Macron gave as good as he got in electric French presidential debate

There was so much at stake that it was almost difficult to watch. And it didn’t disappoint.

For more than two hours, the anchors of France’s final presidential debate struggled to get a word in edgewise as the two election finalists took each other more frontally and aggressively than at any point in the campaign so far.

The result was electric.

On the economy, on security, on the history of France and on the very nature of its society, the far right’s Marine Le Pen and the independent centrist Emmanuel Macron laid into each other’s programs and into each other.

She wants to leave the European Union and NATO, to bring in economic protectionism and to close France’s borders. He is a pro-European globalist who represents continuity in policy terms but a desire to shake up France’s political elites.

Their two visions of what France should be could not be more different. Neither could their styles.

Since taking over the National Front from her father Jean-Marie, Le Pen has sought to tone down the party’s racist and anti-Semitic image, but she remains a populist who speaks to the guts of the French. Macron is an intellectual with a tendency toward wordiness. But tonight both got down into the pit with no punches held and no blows too low.

As Le Pen spoke, French journalists fact-checked her every word, calling her out on several of her pledges and accusations. But it seemed almost unnecessary.

Macron, with a determined steeliness and a relentless calm, took apart her program and defended what had appeared to be the harder case to make: that the answer to France’s problems was more Europe rather than less, more openness rather than any closure and a thoughtful rather than knee-jerk reaction to the terrorist threat.

Sitting directly opposite Macron, Le Pen seemed at times out of her depth, especially on the economy and on Europe. She also appeared to be speaking to her core electorate rather than reaching out beyond it with a message and style that might have seemed more presidential.

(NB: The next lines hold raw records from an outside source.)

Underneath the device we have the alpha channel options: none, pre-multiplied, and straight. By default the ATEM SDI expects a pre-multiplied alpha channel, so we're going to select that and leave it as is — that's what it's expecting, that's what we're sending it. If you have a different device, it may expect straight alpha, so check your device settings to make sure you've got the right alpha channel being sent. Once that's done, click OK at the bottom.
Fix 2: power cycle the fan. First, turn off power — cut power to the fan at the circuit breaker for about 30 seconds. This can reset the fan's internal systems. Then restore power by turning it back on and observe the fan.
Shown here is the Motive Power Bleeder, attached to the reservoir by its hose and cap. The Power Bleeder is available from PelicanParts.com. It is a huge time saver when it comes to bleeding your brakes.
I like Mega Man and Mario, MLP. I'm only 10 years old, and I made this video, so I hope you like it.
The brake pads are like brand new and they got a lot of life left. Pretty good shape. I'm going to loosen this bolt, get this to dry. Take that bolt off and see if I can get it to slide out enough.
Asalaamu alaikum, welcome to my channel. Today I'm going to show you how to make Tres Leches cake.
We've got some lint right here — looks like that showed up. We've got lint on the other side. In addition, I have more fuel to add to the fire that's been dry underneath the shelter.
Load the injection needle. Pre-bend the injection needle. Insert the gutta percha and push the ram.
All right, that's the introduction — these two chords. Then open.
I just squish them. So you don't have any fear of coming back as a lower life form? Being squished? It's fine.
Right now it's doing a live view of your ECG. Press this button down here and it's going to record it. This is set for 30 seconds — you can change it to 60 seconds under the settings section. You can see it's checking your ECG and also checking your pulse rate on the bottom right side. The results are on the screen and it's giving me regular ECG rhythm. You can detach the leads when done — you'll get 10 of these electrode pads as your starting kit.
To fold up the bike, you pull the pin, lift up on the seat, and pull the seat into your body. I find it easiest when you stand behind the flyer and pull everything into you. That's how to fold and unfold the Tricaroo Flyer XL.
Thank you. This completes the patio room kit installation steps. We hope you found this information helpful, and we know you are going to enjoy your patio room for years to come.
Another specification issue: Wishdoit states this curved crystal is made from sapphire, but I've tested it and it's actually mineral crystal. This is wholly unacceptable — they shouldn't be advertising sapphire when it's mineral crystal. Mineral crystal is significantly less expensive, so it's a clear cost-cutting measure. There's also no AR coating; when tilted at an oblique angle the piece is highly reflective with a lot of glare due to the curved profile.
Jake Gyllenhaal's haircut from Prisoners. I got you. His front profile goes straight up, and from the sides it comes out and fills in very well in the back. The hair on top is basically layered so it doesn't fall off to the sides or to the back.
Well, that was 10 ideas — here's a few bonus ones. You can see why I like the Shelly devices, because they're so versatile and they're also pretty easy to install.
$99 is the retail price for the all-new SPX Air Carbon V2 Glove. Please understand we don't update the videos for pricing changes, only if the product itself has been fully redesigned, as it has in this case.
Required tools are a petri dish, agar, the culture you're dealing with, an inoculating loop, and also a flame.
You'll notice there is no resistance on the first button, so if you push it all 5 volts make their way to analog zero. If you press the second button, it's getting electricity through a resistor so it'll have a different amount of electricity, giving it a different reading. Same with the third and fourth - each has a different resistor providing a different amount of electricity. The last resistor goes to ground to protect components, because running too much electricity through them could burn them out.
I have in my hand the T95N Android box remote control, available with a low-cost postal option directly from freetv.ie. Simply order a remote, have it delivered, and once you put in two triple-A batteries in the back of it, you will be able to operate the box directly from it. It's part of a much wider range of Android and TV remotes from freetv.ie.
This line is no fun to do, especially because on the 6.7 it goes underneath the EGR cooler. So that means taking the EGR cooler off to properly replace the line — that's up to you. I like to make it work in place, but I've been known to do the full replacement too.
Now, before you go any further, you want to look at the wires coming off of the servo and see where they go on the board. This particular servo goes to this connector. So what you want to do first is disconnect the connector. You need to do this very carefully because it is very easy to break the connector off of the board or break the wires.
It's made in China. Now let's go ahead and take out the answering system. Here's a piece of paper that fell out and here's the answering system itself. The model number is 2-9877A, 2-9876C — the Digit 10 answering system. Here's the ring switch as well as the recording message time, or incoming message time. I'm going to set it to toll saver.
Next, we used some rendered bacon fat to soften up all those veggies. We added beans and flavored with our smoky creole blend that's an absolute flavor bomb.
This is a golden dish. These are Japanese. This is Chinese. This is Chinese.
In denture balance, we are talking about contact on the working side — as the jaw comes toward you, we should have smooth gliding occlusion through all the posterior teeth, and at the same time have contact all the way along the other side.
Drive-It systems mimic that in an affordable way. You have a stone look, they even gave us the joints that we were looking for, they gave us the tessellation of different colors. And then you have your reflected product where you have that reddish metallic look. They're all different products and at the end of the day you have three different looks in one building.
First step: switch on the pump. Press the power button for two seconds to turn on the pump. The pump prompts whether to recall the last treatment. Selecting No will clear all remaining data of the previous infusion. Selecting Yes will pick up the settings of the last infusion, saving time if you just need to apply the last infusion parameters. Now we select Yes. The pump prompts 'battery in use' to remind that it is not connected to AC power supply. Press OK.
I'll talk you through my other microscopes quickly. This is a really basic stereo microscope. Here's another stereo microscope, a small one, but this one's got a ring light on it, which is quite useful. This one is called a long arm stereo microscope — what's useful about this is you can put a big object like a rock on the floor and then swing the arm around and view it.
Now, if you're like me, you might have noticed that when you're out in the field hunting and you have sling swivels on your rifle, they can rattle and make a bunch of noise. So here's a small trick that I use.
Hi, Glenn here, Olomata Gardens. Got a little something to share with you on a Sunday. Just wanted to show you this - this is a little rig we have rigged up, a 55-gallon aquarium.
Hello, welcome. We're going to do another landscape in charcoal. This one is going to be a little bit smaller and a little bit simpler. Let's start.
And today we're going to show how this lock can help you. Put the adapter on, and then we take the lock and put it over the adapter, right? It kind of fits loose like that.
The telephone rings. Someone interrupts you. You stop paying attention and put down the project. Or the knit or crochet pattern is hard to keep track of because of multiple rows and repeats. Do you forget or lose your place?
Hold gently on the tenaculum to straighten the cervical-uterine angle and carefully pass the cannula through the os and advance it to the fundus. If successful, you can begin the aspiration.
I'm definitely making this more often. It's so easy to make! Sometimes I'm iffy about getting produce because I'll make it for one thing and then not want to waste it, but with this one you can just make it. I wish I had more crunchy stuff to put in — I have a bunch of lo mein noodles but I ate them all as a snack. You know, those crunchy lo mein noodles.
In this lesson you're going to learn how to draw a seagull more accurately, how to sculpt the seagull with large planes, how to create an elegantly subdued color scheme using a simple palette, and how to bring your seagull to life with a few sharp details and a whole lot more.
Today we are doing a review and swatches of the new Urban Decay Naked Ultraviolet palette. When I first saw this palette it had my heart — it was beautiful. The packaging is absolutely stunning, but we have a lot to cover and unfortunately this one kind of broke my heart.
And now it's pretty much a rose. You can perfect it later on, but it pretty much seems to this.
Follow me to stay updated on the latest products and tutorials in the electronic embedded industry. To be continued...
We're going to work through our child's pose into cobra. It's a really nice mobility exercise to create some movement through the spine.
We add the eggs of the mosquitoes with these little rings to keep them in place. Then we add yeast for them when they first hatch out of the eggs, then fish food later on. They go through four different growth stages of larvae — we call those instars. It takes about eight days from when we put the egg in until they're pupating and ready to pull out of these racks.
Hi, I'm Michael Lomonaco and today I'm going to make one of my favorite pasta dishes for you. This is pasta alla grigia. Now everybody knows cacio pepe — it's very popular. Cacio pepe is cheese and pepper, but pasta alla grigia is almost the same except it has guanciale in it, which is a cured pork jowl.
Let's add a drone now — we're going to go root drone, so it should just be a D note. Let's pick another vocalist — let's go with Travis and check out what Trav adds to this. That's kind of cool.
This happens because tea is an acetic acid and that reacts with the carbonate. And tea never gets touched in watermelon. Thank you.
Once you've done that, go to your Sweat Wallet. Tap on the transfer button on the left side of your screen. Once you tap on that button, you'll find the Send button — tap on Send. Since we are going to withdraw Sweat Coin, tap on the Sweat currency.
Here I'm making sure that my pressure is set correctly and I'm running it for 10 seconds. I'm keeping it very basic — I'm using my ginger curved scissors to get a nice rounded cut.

Instead she remained faithfully herself, and summed it up best at the end. “Perhaps,” she said, “people will say I am a bit lame, but I want to defend France as it is, ancient, with its borders and with its people who deserve better.”

This was Macron’s debate to lose. Any misstep could have cost him at least part of his lead in the polls.

Yet he chose to give as good as he got, proving at times even more aggressive and downright personal than Le Pen.

Macron’s final flourish, which was an appeal for a very different sort of change to the one Le Pen is proposing, is no doubt what will remain in the minds of voters.

“Your project,” he said, “is one that aims to live in fear and amid lies. It is what fed your father and the French far right over decades. The France I want is much better than that, it will not be divided. But we do have to leave a system that helped create you. You live off it. You are its parasite.”

By Sunday night in France, we should know which of the two visions so spectacularly laid out tonight the country has chosen.